> **Your task**
Starting at the first line of the data, please print exactly those lines through the one that holds "However, if the", omitting every picture.

> **Data under study**
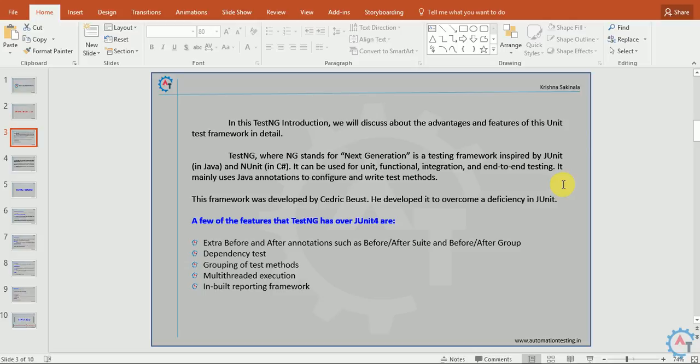A few of the features that TestNG has over JUnit are: extra before and after annotations such as BeforeAfter Suite and BeforeAfter Group. You have more annotations in TestNG over JUnit.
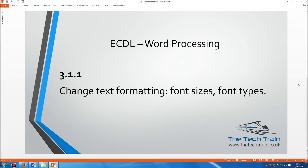Welcome to the ECDL Word Processing Module, Section 3.1.1. Here we have to know how to change text formatting, including font sizes and font types.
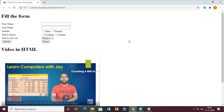Good morning everyone. This is the HTML practical. In this practical we will study about how to create a registration form. This type of form is very important whenever you want to ask information from your users.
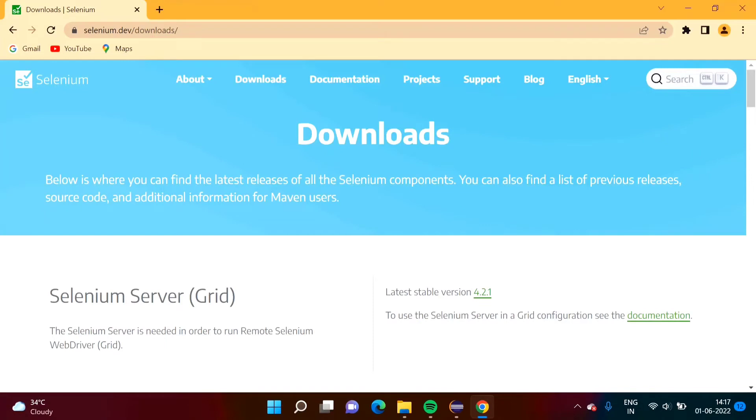Hello friends, welcome to my channel myself Parash Zambulkar. In this video we will see how to set default download path for Chrome browser in Selenium.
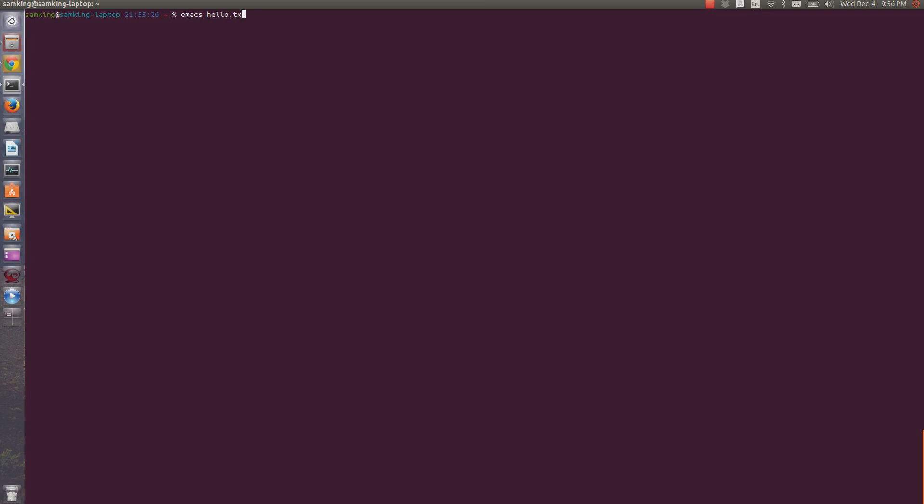There are two main text editors, Emacs and Vim. Now that Emacs is installed, I'll show you the bare minimum that you need to use it.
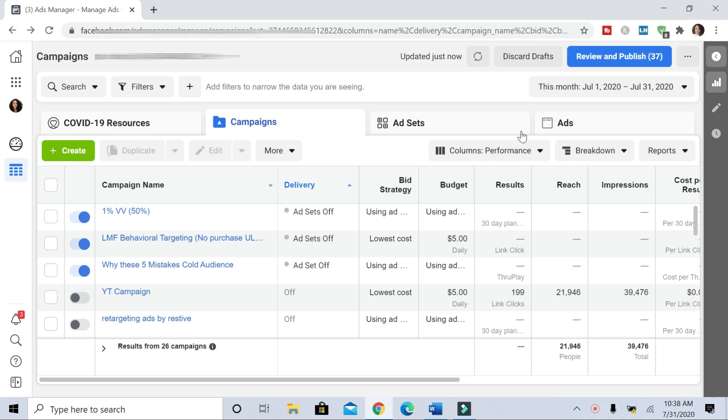All right, welcome to the conversion ad walkthrough. I'm going to show you how to set up your conversion ad. The first thing that you need to get started is to access Facebook Ads Manager, and you access this by going to the drop down in your profile page and then click on Manage Ads.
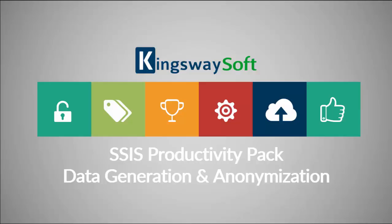Thank you for watching this video from Kingswaysoft. Today I will be introducing the components for data generation and anonymization from within the SSIS Productivity Pack. The SSIS Productivity Pack is a collection of premium SSIS components which enable greater developer productivity and increases the power of SSIS.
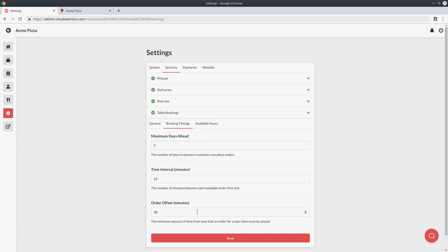Lastly, you will also notice that there are no automated wait times or statuses available for table bookings, because when we're talking about bookings those things are not really relevant, so those settings are not available for table bookings.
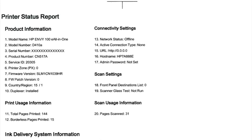However, if the test page shows smearing, lines, or some other error, other documents you print will likely have the same problem. The test page can also give you valuable information on your printer.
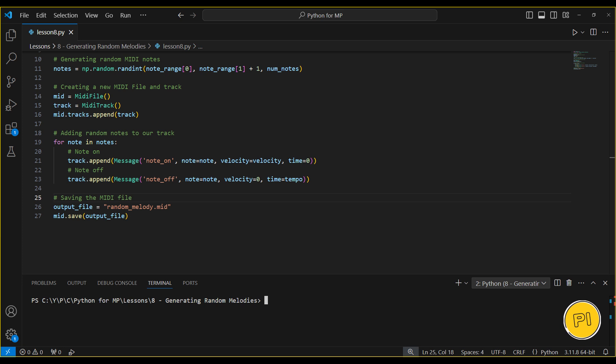And that's it! In just a few lines of code, we've learned to generate random melodies programmatically. Try modifying the parameters like the number of notes, tempo, or note range to create different types of melodies.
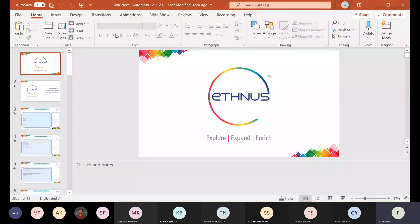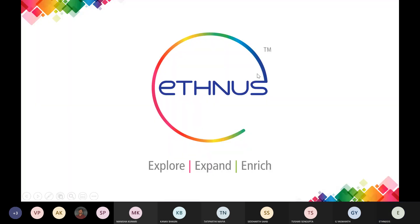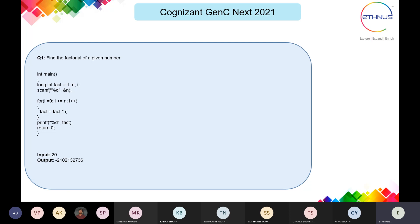Okay, can you see my screen? Yes, ma'am. So we'll start with today's session related to programming concepts. I'll show you some questions based on programming codes and we have to solve them and find what the output will be for the given code. That is what today's session is for C programming and data structures.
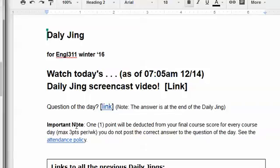In the Daily Jing video, I will give you updates to the course. This is equivalent to the notes that a professor puts on the board in a face-to-face class. In the Daily Jing, I will tell you what the class will be doing that day and what you should pay attention to. I will talk about the assignments coming up, what is due and when, and often provide a mini-lesson on the writing assignments.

> **Solution to this exercise**
A few of the features that TestNG has over JUnit are: extra before and after annotations such as BeforeAfter Suite and BeforeAfter Group. You have more annotations in TestNG over JUnit.
Welcome to the ECDL Word Processing Module, Section 3.1.1. Here we have to know how to change text formatting, including font sizes and font types.
Good morning everyone. This is the HTML practical. In this practical we will study about how to create a registration form. This type of form is very important whenever you want to ask information from your users.
Hello friends, welcome to my channel myself Parash Zambulkar. In this video we will see how to set default download path for Chrome browser in Selenium.
There are two main text editors, Emacs and Vim. Now that Emacs is installed, I'll show you the bare minimum that you need to use it.
All right, welcome to the conversion ad walkthrough. I'm going to show you how to set up your conversion ad. The first thing that you need to get started is to access Facebook Ads Manager, and you access this by going to the drop down in your profile page and then click on Manage Ads.
Thank you for watching this video from Kingswaysoft. Today I will be introducing the components for data generation and anonymization from within the SSIS Productivity Pack. The SSIS Productivity Pack is a collection of premium SSIS components which enable greater developer productivity and increases the power of SSIS.
Lastly, you will also notice that there are no automated wait times or statuses available for table bookings, because when we're talking about bookings those things are not really relevant, so those settings are not available for table bookings.
However, if the test page shows smearing, lines, or some other error, other documents you print will likely have the same problem. The test page can also give you valuable information on your printer.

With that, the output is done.